Toru Ishida became an adviser at TEPCO in January, just four months after retiring as the head of the Agency for Natural Resources and Energy, the ministry organization that promotes the nuclear industry; after becoming a post-tsunami symbol for amakudari, he resigned. Ishida wasn't the first senior energy agency official to depart for the utility. Susumu Shirakawa held a senior agency post before he joined the TEPCO board and eventually became a vice president.

The AP review of relationships on both sides of the nuclear power establishment shows that industry people ascend to regulatory posts as well.

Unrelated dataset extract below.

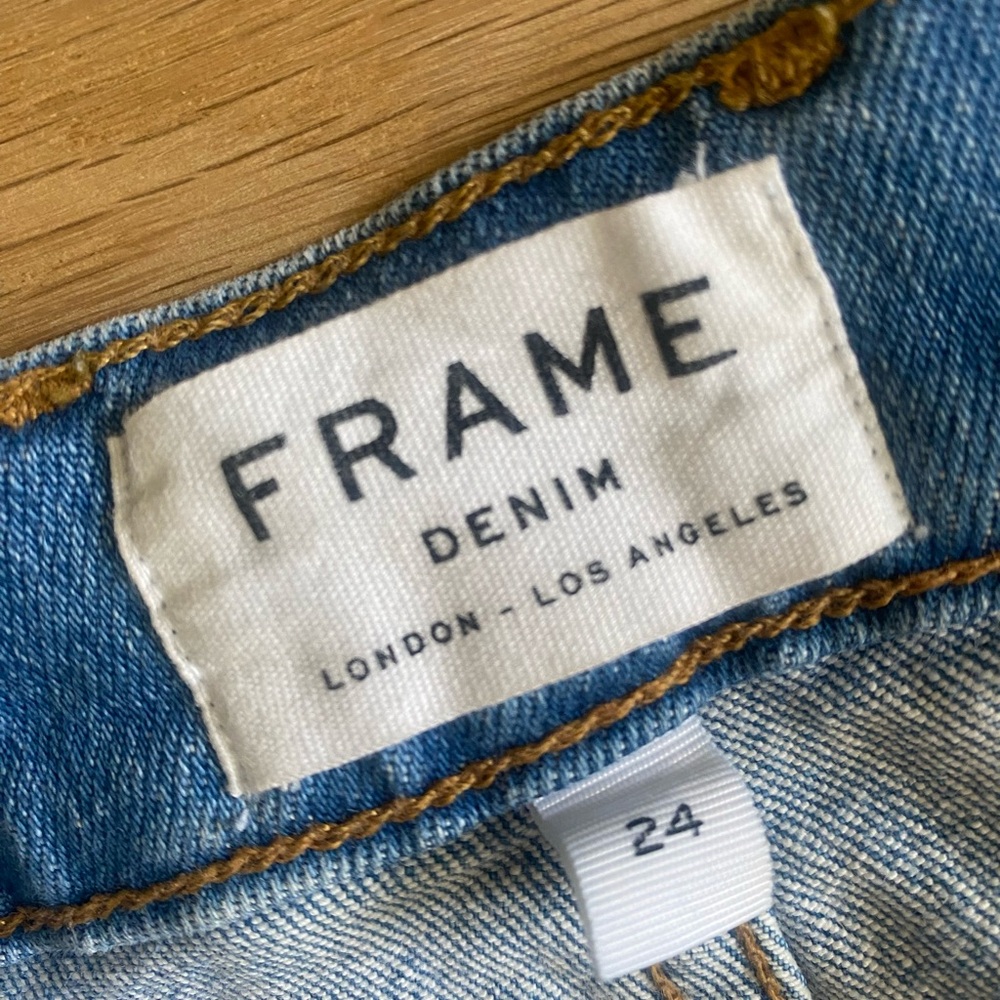 Frame denim jeans. Wide legged. High to mid waist with frayed edge bottom.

AP examined the business and institutional ties of 95 people currently at three main nuclear regulatory bodies, either as bureaucrats or members of policy-setting advisory panels. Overall, 26 of them have been affiliated either with the industry or groups that promote nuclear power, typically with government funding. AP also came across 24 people with prior positions at those three regulatory bodies — one-third of whom had connections to industry or pro-nuclear groups.

Industry is heavily involved elsewhere in Japan's government. At the Japan Atomic Energy Commission, which backs research and promotes Japan's nuclear industry, one of the five commissioners is an adviser to TEPCO, while another is a former executive at the Central Research Institute of Electric Power Industry.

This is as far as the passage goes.